● **Provided data**:
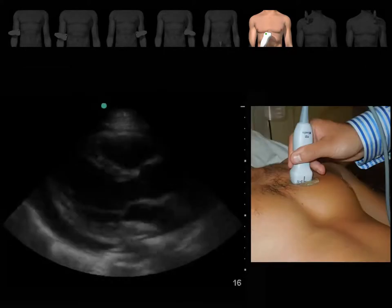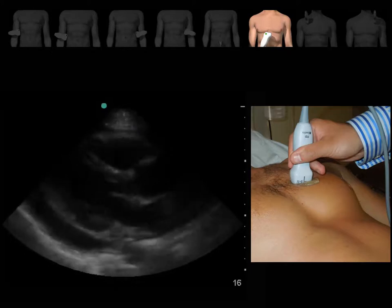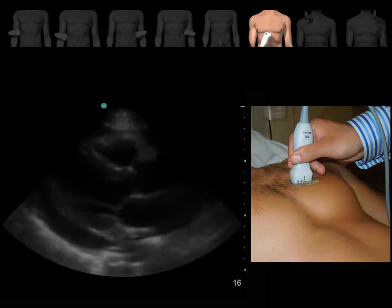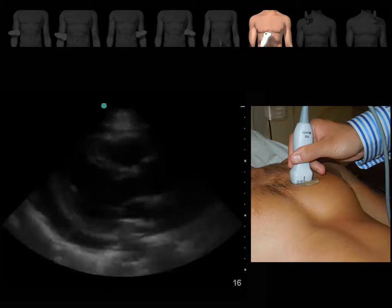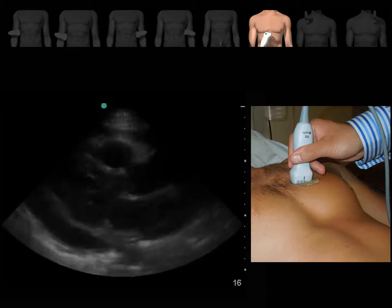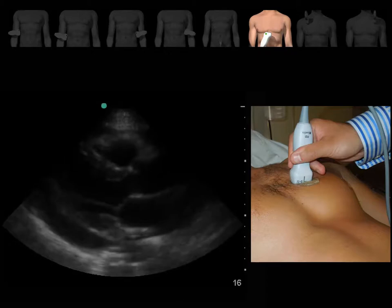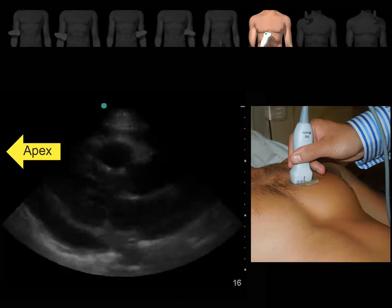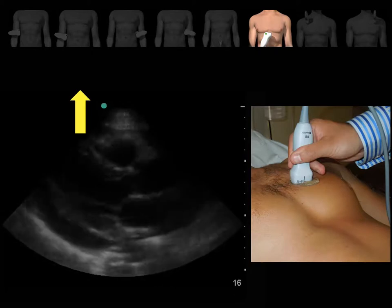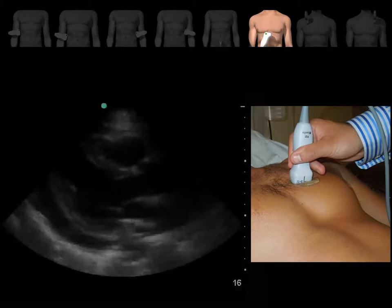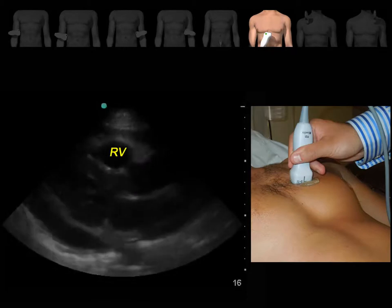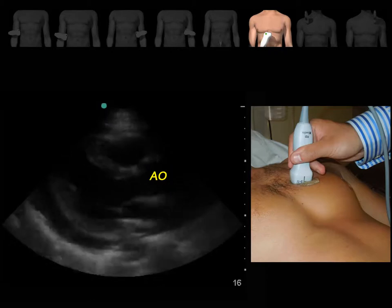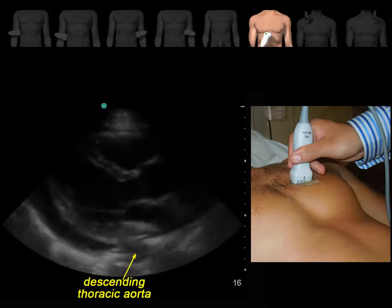The sub-xiphoid view could be difficult or uncomfortable for the patient in many situations, so feel free to use other views such as the parasternal long axis view. In this view, place the probe in the second to the fourth intercostal space just beside the sternum on the left side, with the probe marker towards the patient's left hip. The probe marker is towards the apex of the heart. The most anterior chamber is the right ventricle, followed by the left ventricle and left atrium. This is the LVOT and ascending thoracic aorta, the pericardium, and the descending thoracic aorta.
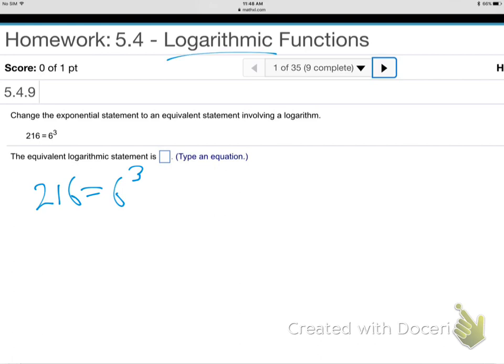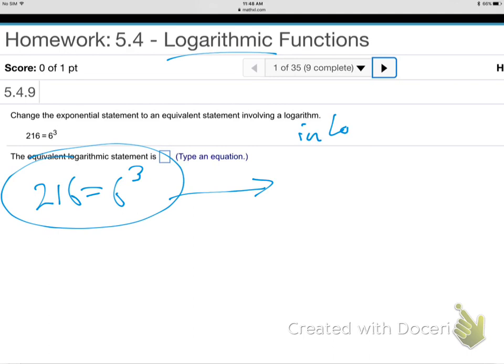We're going into logs now. What they want us to do is just help us speak in the log language. We're going to take this, which is a true fact — there's no X, there's nothing to solve, it's just a true fact. If you take your calculator, 6 times 6 times 6 is 216. That's just a true fact. Now they want me to say that true fact in the log language. Here it's being said in exponential language — it's got a power, it's being said in power language. Now they want me to say the same truth in the log language.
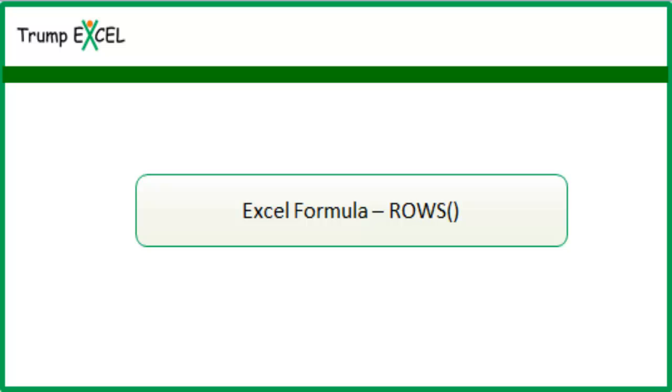Hello and welcome to the video by Trump Excel. I am Sumit Bansal and in this video I will show you how to use the ROWS function in Excel.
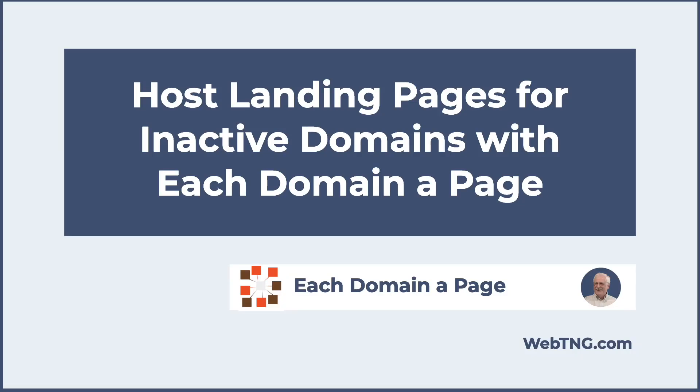Hi, this is David McCann for WebTNG. In this video, I'm looking at a free plugin called Each Domain a Page.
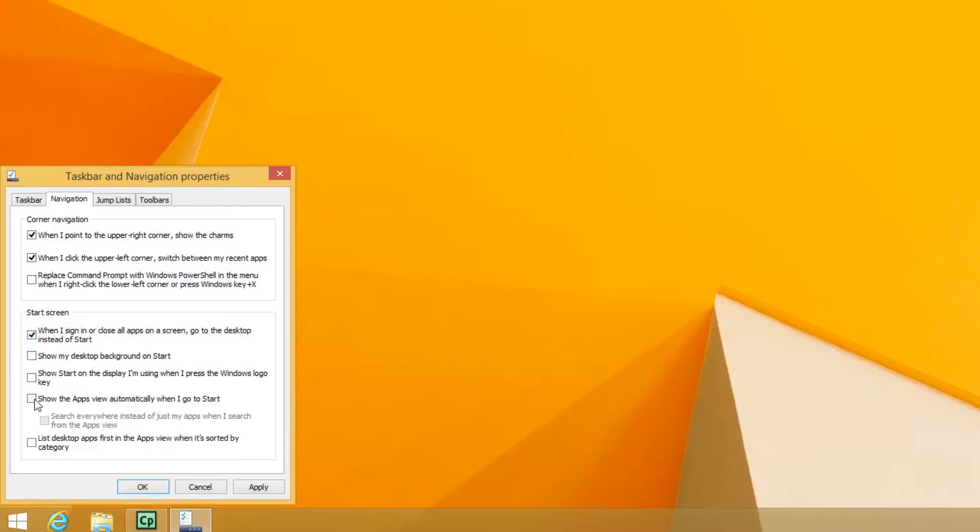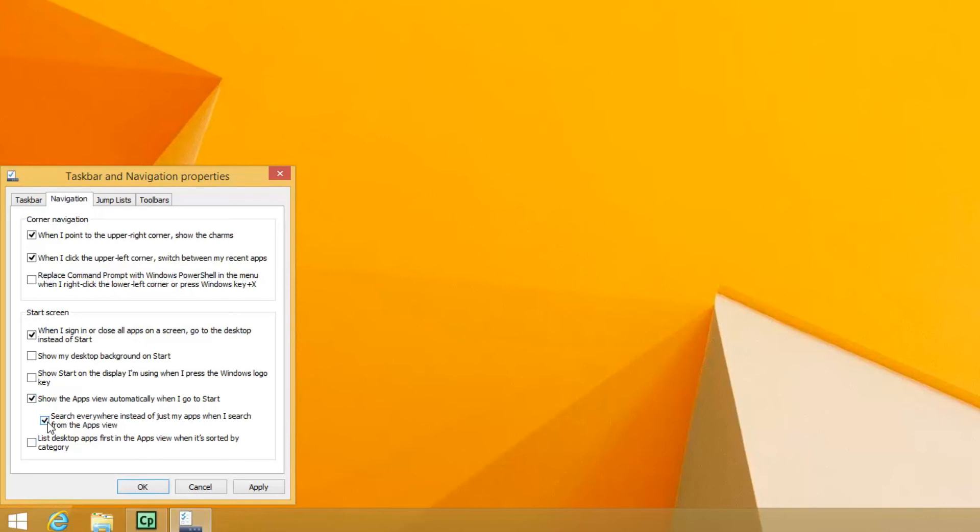The other thing you can do to have it look more like the older version of Windows is check this box which says show the apps view automatically when I go to Start. And you can also uncheck this which searches everywhere instead of just your apps when you search from the apps view.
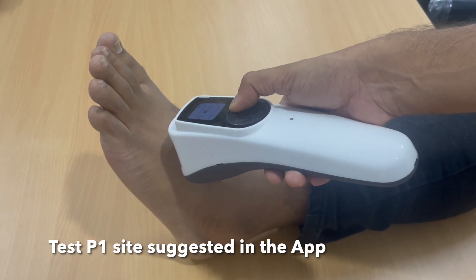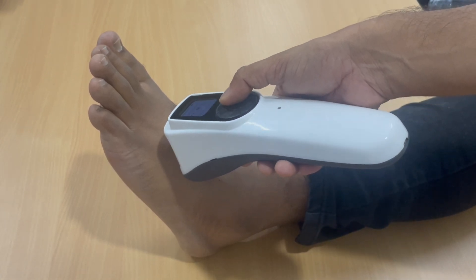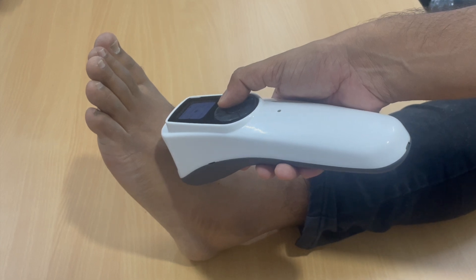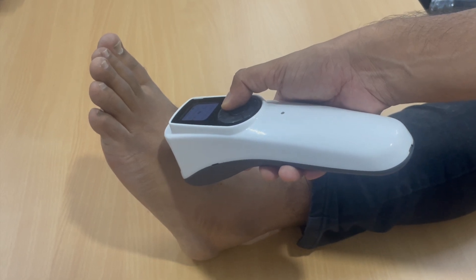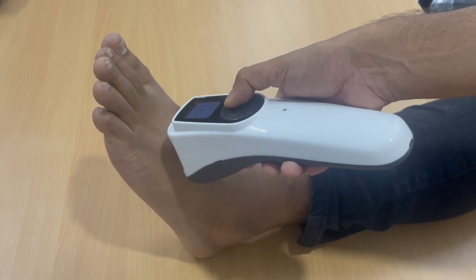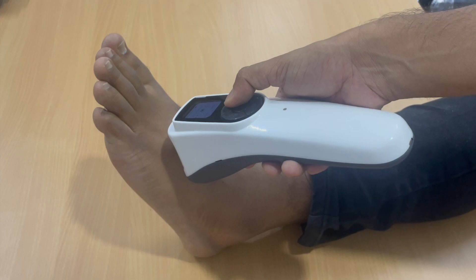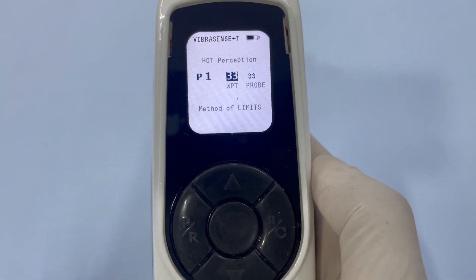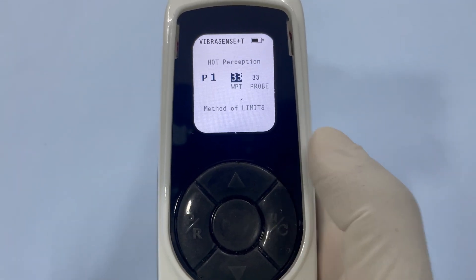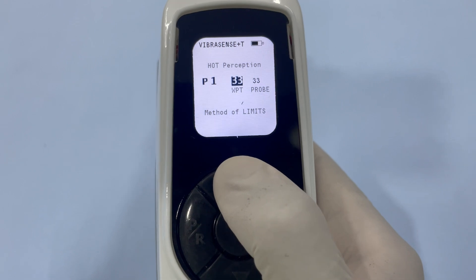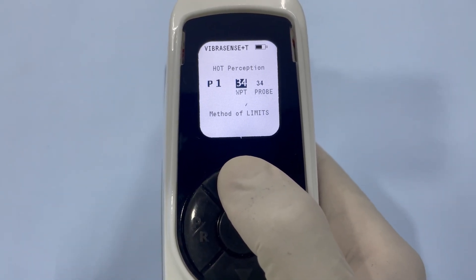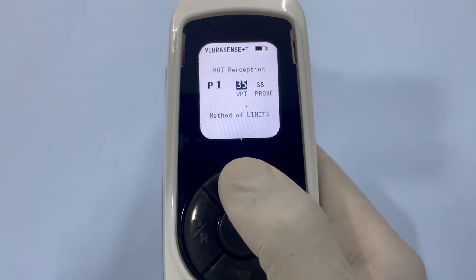Wait until the probe reaches the WPT set point. Place the probe on the testing point P1, ensuring that it is perpendicular to the skin surface and gently touching it. Instruct the subject to indicate when they feel a warm sensation. Gradually increase the probe temperature using the up arrow until the subject confirms feeling the warmth.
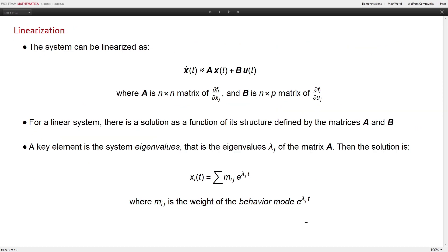One useful approach is to linearize the system around the operating point. If you do that using Taylor expansion, you can arrive at a functional form where the rate of change is approximately a linear combination of other state variables and input variables. For such a linear system there is a solution, as well established in linear control theory, and the solution becomes a function of the structure defined by matrices A and B — matrices of partial derivatives. The key elements become the eigenvalues of matrix A, and the solution for all state variables becomes a function of the exponents of these eigenvalues, where the weights depend on the nature of the eigenvalues. Complex eigenvalues produce oscillations; otherwise you get exponential trajectories.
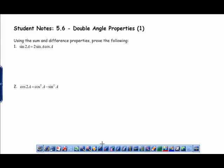Student notes video, lesson 5.6 double angle properties, day one. We're going to spend two days on this. The first thing we're going to do is some proofs — we're just going to start out with some proofs. This is using the sum and difference properties to prove the following. Since it says using the sum and difference property, I'm going to start with the left side.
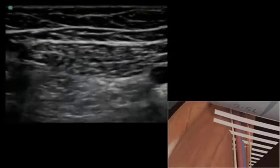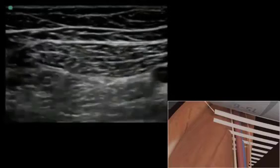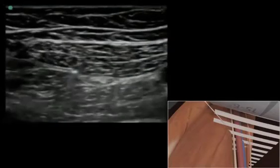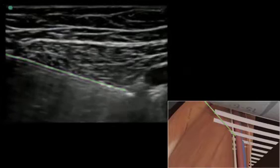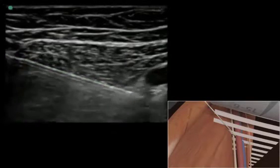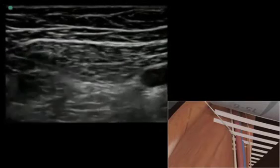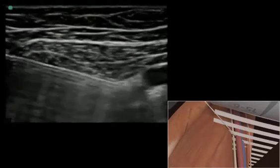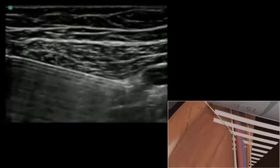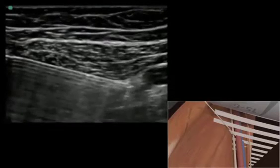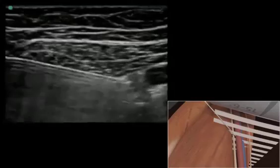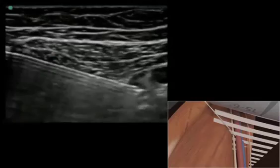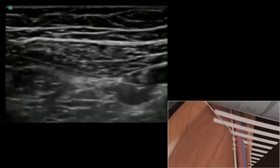The needle should be inserted in plane in a lateral to medial direction. Once the needle tip is visualized next to the nerve, or if unable to visualize the nerve lateral to the artery, local anesthetic is injected. A hypoechoic pool of local anesthetic will be seen spreading above and around the femoral artery.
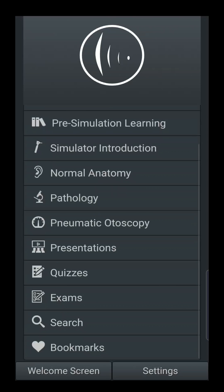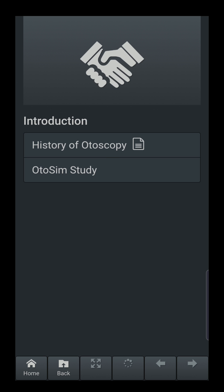The program has been designed so that if you work your way through it from beginning to end, you will become a very proficient user of the otoscope and develop the ability to correctly diagnose conditions that affect the human ear. We're going to go through these one step at a time. Starting with the Introduction section — you'll see two sections: the history of otoscopy and some Otosim studies.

● **Problem statement**:
I would like the exact lines from the data above, starting with the one that holds "Wait until the" and going on through the one that holds "Student notes video, lesson", without the pictures.

● **Response below**:
Wait until the probe reaches the WPT set point. Place the probe on the testing point P1, ensuring that it is perpendicular to the skin surface and gently touching it. Instruct the subject to indicate when they feel a warm sensation. Gradually increase the probe temperature using the up arrow until the subject confirms feeling the warmth.
One useful approach is to linearize the system around the operating point. If you do that using Taylor expansion, you can arrive at a functional form where the rate of change is approximately a linear combination of other state variables and input variables. For such a linear system there is a solution, as well established in linear control theory, and the solution becomes a function of the structure defined by matrices A and B — matrices of partial derivatives. The key elements become the eigenvalues of matrix A, and the solution for all state variables becomes a function of the exponents of these eigenvalues, where the weights depend on the nature of the eigenvalues. Complex eigenvalues produce oscillations; otherwise you get exponential trajectories.
Student notes video, lesson 5.6 double angle properties, day one. We're going to spend two days on this. The first thing we're going to do is some proofs — we're just going to start out with some proofs. This is using the sum and difference properties to prove the following. Since it says using the sum and difference property, I'm going to start with the left side.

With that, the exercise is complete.